Concerningly, demographic analyses of MDMA and other psychedelic-assisted therapy studies have shown that minority races and ethnicities are significantly underrepresented in psychedelic clinical trials. According to the 2021 United States Census, 13.1% of the population identified as Black or American India, 1.3% as American Indian or Alaskan Native, 6.1% as Asian, 0.3% as Native Hawaiian or Pacific Islander, 2.9% as Multi-Racial, and 18.9% as Hispanic or Latino (32). Overall, 40.7% of the population reported being of a race or ethnicity that was not White alone/not Hispanic or Latino. However, a 2018 systematic review of 18 previous psychedelic studies showed that only 17.4% of the aggregated sample identified as Black, Indigenous, or a Person of Color (33). Additionally, in the 2019 analysis of the six Phase 2 MDMA-assisted therapy trials, only 12.4% of participants self-reported as identifying as Black, Indigenous, or a Person of Color (34). While sub-analyses have supported that psychedelics and MDMA-assisted therapy is equally safe and efficacious in these populations (including in its ability to promote healing from racial trauma), other studies have suggested decreased interest or willingness to participate in psychedelic-assisted therapy (35, 36).

Minority under-representation in clinical trials may occur from a variety of psychosocial concerns. Experienced or perceived barriers to participation include mistrust related to historical abuses of minorities in medical care and research participation (including the racial and ethnic criminal injustices related to the United States “War on Drugs” in the early 1970’s), as well as ineffective communication and cultural messaging in the recruitment process, lack of appropriate logistical support such as childcare and transportation to facilitate participation, and overt and subtle racism (37, 38).

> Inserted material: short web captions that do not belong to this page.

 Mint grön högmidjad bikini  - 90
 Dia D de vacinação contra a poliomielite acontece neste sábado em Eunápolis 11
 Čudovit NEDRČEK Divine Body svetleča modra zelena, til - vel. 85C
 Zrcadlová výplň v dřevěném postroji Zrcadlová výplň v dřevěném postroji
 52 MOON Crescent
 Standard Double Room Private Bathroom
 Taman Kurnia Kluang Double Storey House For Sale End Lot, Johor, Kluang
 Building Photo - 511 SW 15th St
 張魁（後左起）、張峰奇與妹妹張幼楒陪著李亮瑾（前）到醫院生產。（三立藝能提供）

Given the preliminary trans-diagnostic effects of MDMA and other psychedelics in previous trials, this study sought to explore patient-level opinions and beliefs on the research and clinical potential of psychedelic-assisted therapies among substance users. Level of support for further research into MDMA-assisted therapy was assessed, as well as beliefs about whether MDMA-assisted therapy might be a beneficial treatment. Additionally, the study assessed subject willingness to try MDMA-assisted therapy if it was deemed an appropriate treatment option for them and whether they had any concerns about trying the treatments. In addition to aggregate data about these patient-level perspectives, this study explored differences in opinions and beliefs as a function of race and ethnicity.

Methods

Study design and ethical review

A cross-sectional survey study was designed and administered to assess substance users’ perspectives on the use of several psychedelics including MDMA. This study was declared exempt from review by the Medical University of South Carolina’s Institutional Review Board (IRB). In order to protect anonymity, written informed consent was not obtained. However, the pre-screening portion of the survey described the study and its purpose, and informed potential participants that submitting their responses constituted consent. Prior to completion of the main survey, potential participants were required to first complete a pre-screener questionnaire to verify inclusion criteria. Internet Protocol (IP) constraints were set up to prevent participants from taking the survey more than once.

Recruitment

Recruitment was conducted through advertisements placed on the internet (i.e., Craigslist). Online advertisements invited individuals who “struggle with alcohol or drug use” to participate in a short survey about the use of psychedelic substances in addictions treatment. Both pre-screening and the main survey were conducted using the secure web database, REDCap.

Inclusion criteria

To be eligible for participation in the main survey, participants must have self-reported giving consent to participate in the study, being over the age of 18 and use of a substance of abuse at least once in the past month. Additionally, participants must have self-reported at least two of the following: (1) wanting to cut back on or stop a substance of abuse, (2) previously having been in treatment for alcohol or drug use, or (3) currently being in treatment for alcohol or drug use. Pre-screening questions are shown in Supplementary Figure 1.

Exclusion criteria

Potential participants were excluded if they (1) did not self-report at least 2 criteria for a substance use disorder, (2) did not report using a substance of abuse at least once per month, (3) denied ever wanting to cut back on or stop using a substance of abuse, or (4) did not give their consent to participate in the study.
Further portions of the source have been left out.